The SpookyBench dataset contains videos across several categories, each with specific temporal patterns:

1. **Words**: Text encoded through temporal patterns
2. **Images**: Common objects encoded through temporal patterns
3. **Videos**: Movement encoded through temporal patterns

The script uses appropriate prompts for each category when processing the dataset, which can be enhanced with chain-of-thought (--use_cot) for better performance.

## Memory Management

MovieChat requires substantial GPU memory. The script includes memory management features:
- Automatic cleanup of temporary files
- Garbage collection between video processing
- Delay between videos to allow for memory recovery

## Analyzing Results

After running the model on the SpookyBench dataset, you can analyze the results using the provided `analyze_results.py` script. This script compares model predictions against ground truth data and generates accuracy metrics and visualizations.

### Usage

```bash
python analyze_results.py \
  --results /path/to/results.json \
  --csv /path/to/metadata.csv \
  --output ./analysis_output
```

### Command-Line Arguments

```
usage: analyze_results.py [-h] --results RESULTS --csv CSV [--output OUTPUT]

Analyze MovieChat SpookyBench results

optional arguments:
  -h, --help       show this help message and exit
  --results RESULTS  Path to JSON results file generated by run_moviechat.py
  --csv CSV        Path to SpookyBench metadata CSV
  --output OUTPUT  Directory to save analysis results (default: ./analysis)
```

### Example Workflow

1. First, run the model on the SpookyBench dataset:

```bash
CUDA_VISIBLE_DEVICES=0 python run_moviechat.py \
  --dataset /path/to/spookybench \
  --csv /path/to/metadata.csv \
  --categories words \
  --use_cot \
  --output ./results
```

2. Then analyze the results:

```bash
python analyze_results.py \
  --results ./results/moviechat_cot_[timestamp].json \
  --csv /path/to/metadata.csv \
  --output ./analysis_results
```
We also did human in the loop evaluation since the datset size is small.
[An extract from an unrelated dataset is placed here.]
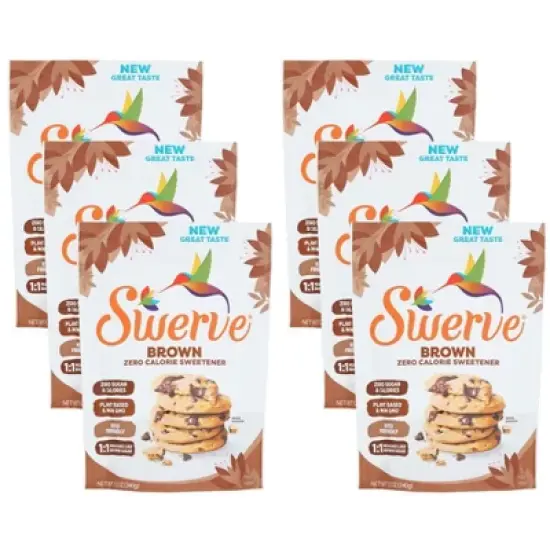 Swerve Brown Zero Calorie Sweetener - Case of 6/12 oz image {6}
For smaller dataset we recommend reviewing the model's response manually as well.

### Output

The analysis script generates:

1. A JSON file (`analysis.json`) containing detailed results for each video and category
2. A visualization (`accuracy.png`) showing accuracy metrics for each category and overall performance

This allows you to assess how well the model performs on different categories of temporal patterns in the SpookyBench dataset.